# Question 7d5b1

Nov 1, 2017

$a = 0 , 1$

#### Explanation:

Notice that $x + 2 {a}^{2} - a$ is just $x$ with the added constant $2 {a}^{2} - a$. This makes the substitution $u = x + 2 {a}^{2} - a$ not too difficult, since $\mathrm{du} = \mathrm{dx}$.

We can substitute this directly into the integral, but remember that the bounds will change as we move from $x$ to $u$. The bound $x = a$ will become $u = \left(a\right) + 2 {a}^{2} - a = 2 {a}^{2}$ and the bound $x = - a$ becomes $u = \left(- a\right) + 2 {a}^{2} - a = 2 {a}^{2} - 2 a$.

We then see that:

${\int}_{- a}^{a} \cos \left(x + 2 {a}^{2} - a\right) \mathrm{dx} = {\int}_{2 {a}^{2} - 2 a}^{2 {a}^{2}} \cos \left(u\right) \mathrm{du}$

The integral of cosine is just sine:

=[sin(u)]_(2a^2-2a)^(2a^2)=color(blue)(sin(2a^2)-sin(2a^2-2a)#

Which is not equivalent to what you stated. You may have attempted to do ${\left[\sin \left(u\right)\right]}_{2 {a}^{2} - 2 a}^{2 {a}^{2}} = \sin \left(2 {a}^{2} - \left(2 {a}^{2} - 2 a\right)\right)$, but this is not how to properly evaluate the function.

You could also get a "simpler" answer using the sine difference to product formula: $\sin \left(\alpha\right) - \sin \left(\beta\right) = 2 \cos \left(\frac{\alpha + \beta}{2}\right) \sin \left(\frac{\alpha - \beta}{2}\right)$.

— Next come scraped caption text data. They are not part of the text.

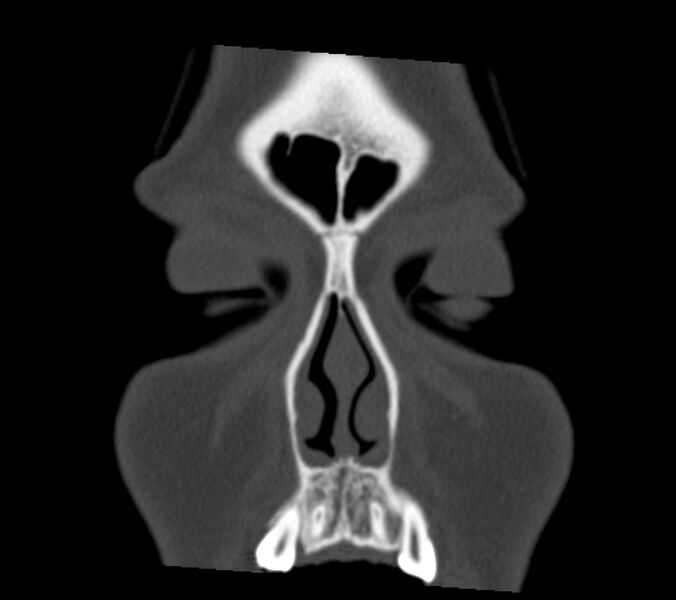 File:Antrochoanal polyp (Radiopaedia 21894-21868 Coronal bone window 2).jpg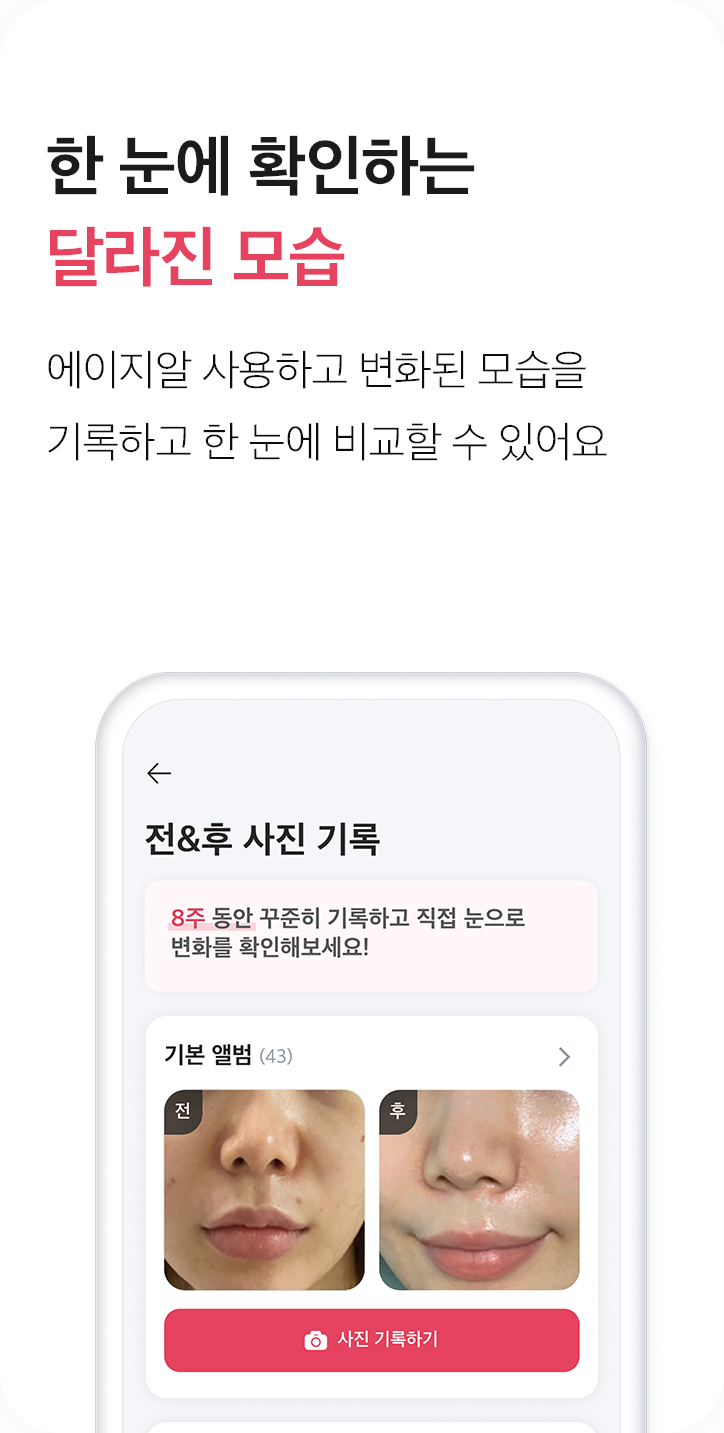 한 눈에 확인하는 달라진 모습, 에이지알 사용하고 변화된 모습을 기록하고 한 눈에 비교할 수 있어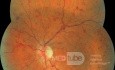 Trombosis de la vena central de la retina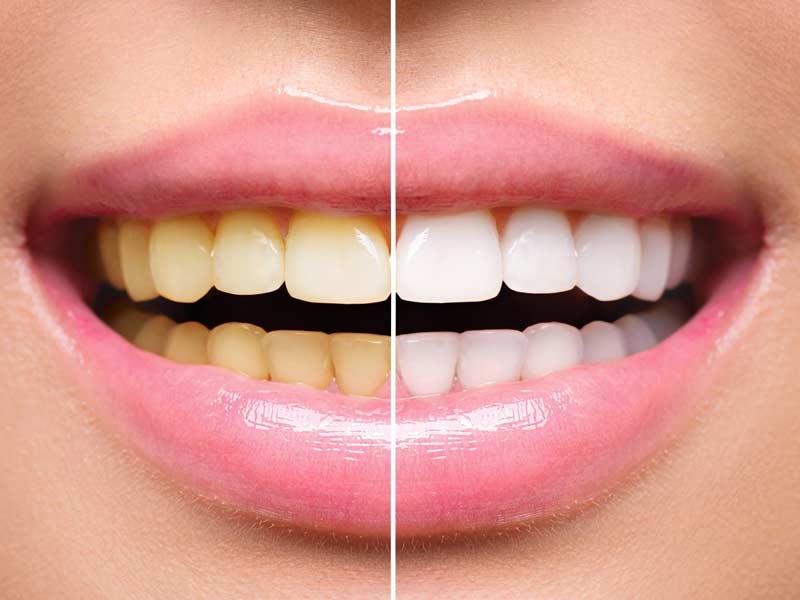 charcoal teeth whitening side effects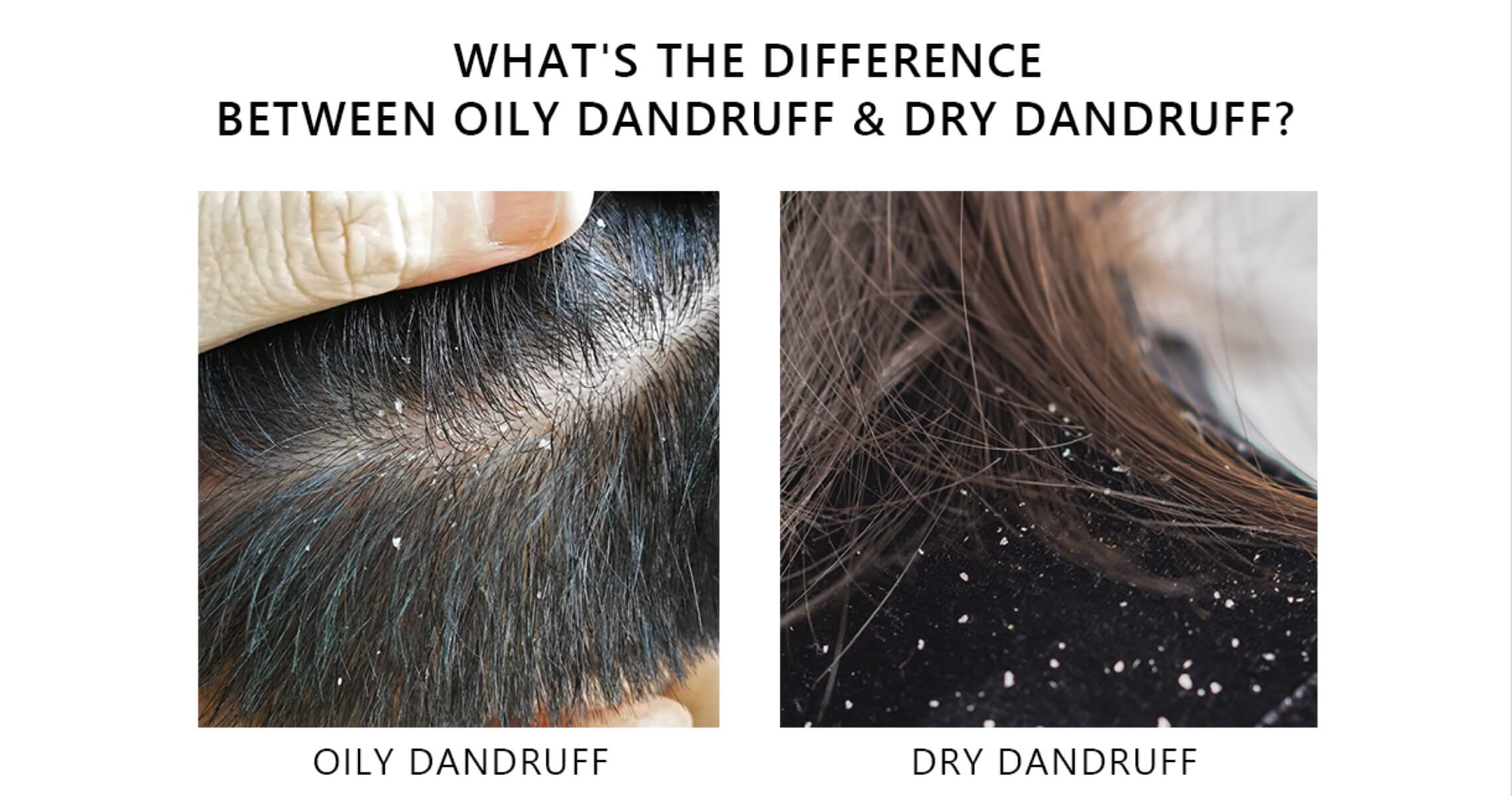 OILY Dandruff vs. DRY Dandruff Learn the Causes & Differences AROMASE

Here that gives the reduction:

$= 2 \cos \left(\frac{2 {a}^{2} + 2 {a}^{2} - 2 a}{2}\right) \sin \left(\frac{2 {a}^{2} - \left(2 {a}^{2} - 2 a\right)}{2}\right) = 2 \cos \left(2 {a}^{2} - a\right) \sin \left(- a\right)$

Upon re-examining this, perhaps you want a solution for $a$.

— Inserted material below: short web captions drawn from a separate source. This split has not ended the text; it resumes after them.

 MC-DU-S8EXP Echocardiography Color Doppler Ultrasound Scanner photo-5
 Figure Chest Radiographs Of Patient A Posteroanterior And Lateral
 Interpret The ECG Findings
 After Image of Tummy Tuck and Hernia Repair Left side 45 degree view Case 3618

In that case, we want that $2 \cos \left(2 {a}^{2} - a\right) \sin \left(- a\right) = - \sin \left(2 a\right)$.

Note that $- \sin \left(2 a\right) = - 2 \cos \left(a\right) \sin \left(a\right)$. Also note that $2 \cos \left(2 {a}^{2} - a\right) \sin \left(- a\right) = - 2 \cos \left(2 {a}^{2} - a\right) \sin \left(a\right)$. So, the two are equal when $\cos \left(2 {a}^{2} - a\right) = \cos \left(a\right)$, which occurs when $2 {a}^{2} - a = a$.

Solving this yields $2 {a}^{2} - 2 a = 2 a \left(a - 1\right) = 0$, so $a = 0$ or $a = 1$.